Kaptain SDK Troubleshooting Guide

Kubernetes resources created by Kaptain SDK

This section covers the resources created by the Kaptain Python SDK when building, training, tuning, and serving.

Building

The following are the Kubernetes resources created on the building model’s Docker image are:

Secret with Docker credentials for Docker registry authorization.
Secret with S3/Minio credentials.
Secret with a Docker registry certificate for secure communications with a Docker registry.
job.batch builds the image with a model training code and dependencies.

All the resources listed above are removed upon successful build completion or notebook cell interruption.

Training

The following are the Kubernetes resources created on model training:

Resources created by the build step if image rebuilding is needed.
Either a tfjob.kubeflow.org or pytorchjob.kubeflow.org for running a distributed training.

By default, training jobs are not removed after completion for troubleshooting purposes, unless the force_cleanup parameter of the Model.train() method or the KAPTAIN_SDK_FORCE_CLEANUP environment variable is set to True. All the resources listed above are removed upon notebook cell interruption.

Hyperparameter Tuning

The following are the Kubernetes resources created on model tuning:

Resources created by the build step if image rebuilding is needed.
experiment.kubeflow.org for orchestrating the tuning of either tfjobs.kubeflow.org or pytorchjobs.kubeflow.org.

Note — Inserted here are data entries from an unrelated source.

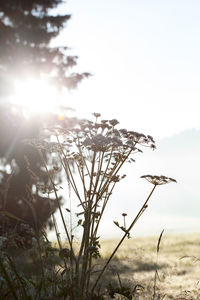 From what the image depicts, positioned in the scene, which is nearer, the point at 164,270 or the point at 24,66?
the point at 164,270

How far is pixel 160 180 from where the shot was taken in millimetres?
3379

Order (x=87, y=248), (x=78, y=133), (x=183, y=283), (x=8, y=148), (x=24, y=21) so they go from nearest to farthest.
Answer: (x=87, y=248), (x=78, y=133), (x=183, y=283), (x=8, y=148), (x=24, y=21)

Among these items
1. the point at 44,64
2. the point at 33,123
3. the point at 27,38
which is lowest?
the point at 33,123

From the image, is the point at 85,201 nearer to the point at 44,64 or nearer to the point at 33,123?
the point at 33,123

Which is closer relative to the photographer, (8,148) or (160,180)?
(160,180)

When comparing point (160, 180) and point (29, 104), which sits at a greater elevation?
Answer: point (29, 104)

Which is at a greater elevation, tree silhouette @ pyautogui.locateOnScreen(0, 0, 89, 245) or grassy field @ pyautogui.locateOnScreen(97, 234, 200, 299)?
tree silhouette @ pyautogui.locateOnScreen(0, 0, 89, 245)

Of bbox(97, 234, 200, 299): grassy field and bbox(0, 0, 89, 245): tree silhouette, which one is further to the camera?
bbox(0, 0, 89, 245): tree silhouette

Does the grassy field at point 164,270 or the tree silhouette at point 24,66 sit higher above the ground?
the tree silhouette at point 24,66

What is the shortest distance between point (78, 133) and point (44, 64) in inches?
454

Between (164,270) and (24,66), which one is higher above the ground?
(24,66)

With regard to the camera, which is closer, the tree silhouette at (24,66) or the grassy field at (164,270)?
the grassy field at (164,270)

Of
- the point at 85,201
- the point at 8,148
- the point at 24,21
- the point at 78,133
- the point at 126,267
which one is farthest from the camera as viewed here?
the point at 24,21

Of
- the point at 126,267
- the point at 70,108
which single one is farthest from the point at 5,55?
the point at 126,267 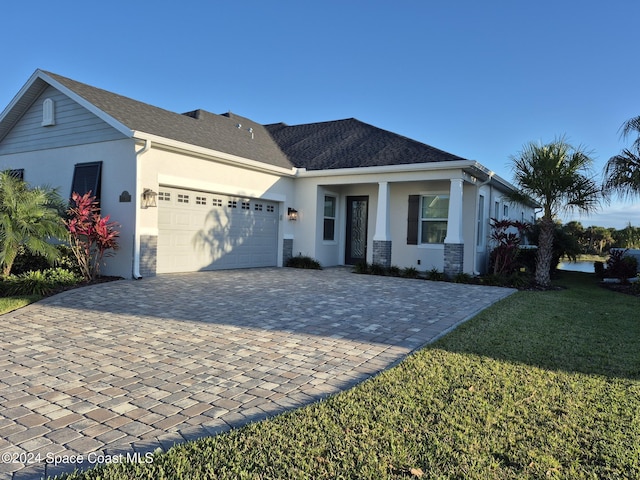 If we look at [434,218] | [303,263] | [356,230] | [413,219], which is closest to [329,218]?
[356,230]

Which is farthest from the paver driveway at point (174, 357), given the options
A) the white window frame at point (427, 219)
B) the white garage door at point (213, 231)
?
the white window frame at point (427, 219)

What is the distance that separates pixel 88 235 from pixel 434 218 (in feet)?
33.0

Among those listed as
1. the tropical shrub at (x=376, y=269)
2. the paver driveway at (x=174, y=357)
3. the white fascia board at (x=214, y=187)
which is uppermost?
the white fascia board at (x=214, y=187)

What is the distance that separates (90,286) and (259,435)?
7.64 m

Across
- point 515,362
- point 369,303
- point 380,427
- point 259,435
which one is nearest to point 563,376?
point 515,362

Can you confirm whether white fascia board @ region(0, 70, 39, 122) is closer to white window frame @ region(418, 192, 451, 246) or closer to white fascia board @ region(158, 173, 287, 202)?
white fascia board @ region(158, 173, 287, 202)

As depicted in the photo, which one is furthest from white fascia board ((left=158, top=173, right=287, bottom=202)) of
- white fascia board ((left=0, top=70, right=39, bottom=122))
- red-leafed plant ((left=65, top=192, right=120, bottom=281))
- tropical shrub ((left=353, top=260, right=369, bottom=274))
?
white fascia board ((left=0, top=70, right=39, bottom=122))

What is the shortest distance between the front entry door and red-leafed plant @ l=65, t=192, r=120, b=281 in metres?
8.25

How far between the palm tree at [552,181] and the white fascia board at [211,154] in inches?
286

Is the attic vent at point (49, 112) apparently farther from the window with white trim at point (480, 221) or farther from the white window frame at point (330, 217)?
the window with white trim at point (480, 221)

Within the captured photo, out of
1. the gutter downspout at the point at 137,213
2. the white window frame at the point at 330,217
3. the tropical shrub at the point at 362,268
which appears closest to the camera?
the gutter downspout at the point at 137,213

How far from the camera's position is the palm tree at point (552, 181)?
11.0m

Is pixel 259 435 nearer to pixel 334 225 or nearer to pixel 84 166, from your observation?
pixel 84 166

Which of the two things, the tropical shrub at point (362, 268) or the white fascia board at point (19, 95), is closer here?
the white fascia board at point (19, 95) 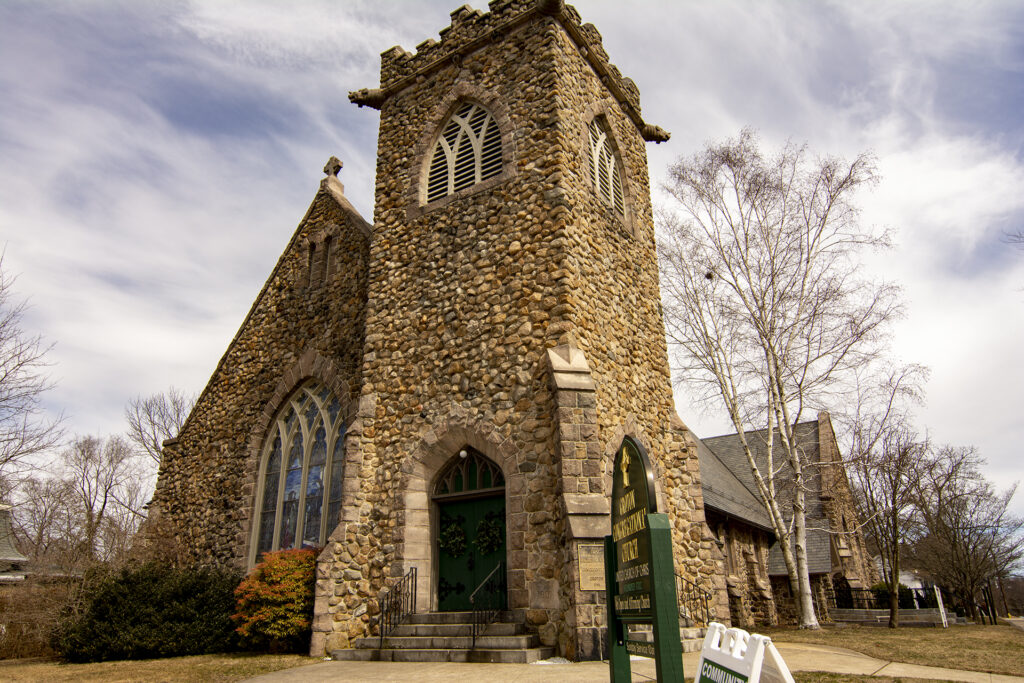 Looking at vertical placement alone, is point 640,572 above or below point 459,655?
above

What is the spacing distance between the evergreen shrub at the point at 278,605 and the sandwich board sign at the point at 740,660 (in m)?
8.01

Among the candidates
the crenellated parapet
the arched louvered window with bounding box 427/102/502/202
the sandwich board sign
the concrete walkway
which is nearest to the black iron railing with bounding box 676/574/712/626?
the concrete walkway

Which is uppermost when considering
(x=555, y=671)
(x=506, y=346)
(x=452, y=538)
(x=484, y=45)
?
(x=484, y=45)

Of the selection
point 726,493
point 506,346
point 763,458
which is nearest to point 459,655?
point 506,346

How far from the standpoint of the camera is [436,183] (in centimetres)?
1256

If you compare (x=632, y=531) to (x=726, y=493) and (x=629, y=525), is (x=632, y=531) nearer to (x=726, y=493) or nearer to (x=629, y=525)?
(x=629, y=525)

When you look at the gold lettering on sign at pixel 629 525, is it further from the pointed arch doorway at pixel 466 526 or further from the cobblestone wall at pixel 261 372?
the cobblestone wall at pixel 261 372

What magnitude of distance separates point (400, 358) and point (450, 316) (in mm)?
1177

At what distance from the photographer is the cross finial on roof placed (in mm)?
16656

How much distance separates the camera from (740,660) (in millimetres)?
2994

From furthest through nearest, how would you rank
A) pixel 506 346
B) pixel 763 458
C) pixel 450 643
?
pixel 763 458 < pixel 506 346 < pixel 450 643

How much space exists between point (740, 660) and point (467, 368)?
7536mm

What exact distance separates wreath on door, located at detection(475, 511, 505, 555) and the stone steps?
3.29 ft

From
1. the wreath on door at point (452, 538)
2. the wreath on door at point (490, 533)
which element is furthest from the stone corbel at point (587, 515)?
the wreath on door at point (452, 538) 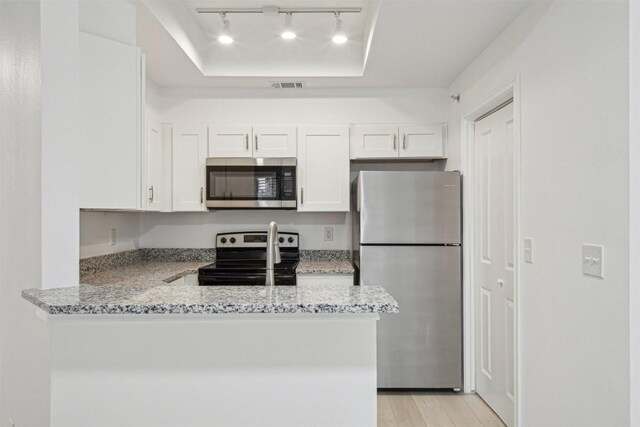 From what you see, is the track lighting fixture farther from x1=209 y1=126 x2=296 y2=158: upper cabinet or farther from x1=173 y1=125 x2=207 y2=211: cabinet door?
x1=173 y1=125 x2=207 y2=211: cabinet door

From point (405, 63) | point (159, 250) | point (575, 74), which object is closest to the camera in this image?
point (575, 74)

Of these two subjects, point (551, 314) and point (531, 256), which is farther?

If the delete_experiment flag is set to True in the Model.tune() function, the experiment.kubeflow.org will be cleaned up on successful completion of the tuning step. All the created resources listed above are removed upon notebook cell interruption.

Serving

The serving machine learning models is implemented by KFServing, which is the component responsible for model serving over HTTP(s) and relies on Knative Serving. When a model is deployed to serving, KFServing creates a set of Knative resources such as Service, Route, and Revision. There is always one Knative Service per model deployment. However, the number of Revisions can grow with time because every new deployment, for example a new model version with a new image name, has its Revision. When a new Revision is deployed, the older one scales the associated deployment to zero replicas and keeps it.

The following are the Kubernetes resources created on model deployment:

Secret with S3/Minio credentials to access MinIO bucket with a stored model.
Knative resources: service.serving.knative.dev, route.serving.knative.dev and revision.serving.knative.dev.
Inference service serving.kubeflow.org/InferenceService.

The Secret with S3/Minio credentials will be removed on successful completion or cell interruption. All created the resources listed above are removed upon notebook cell interruption.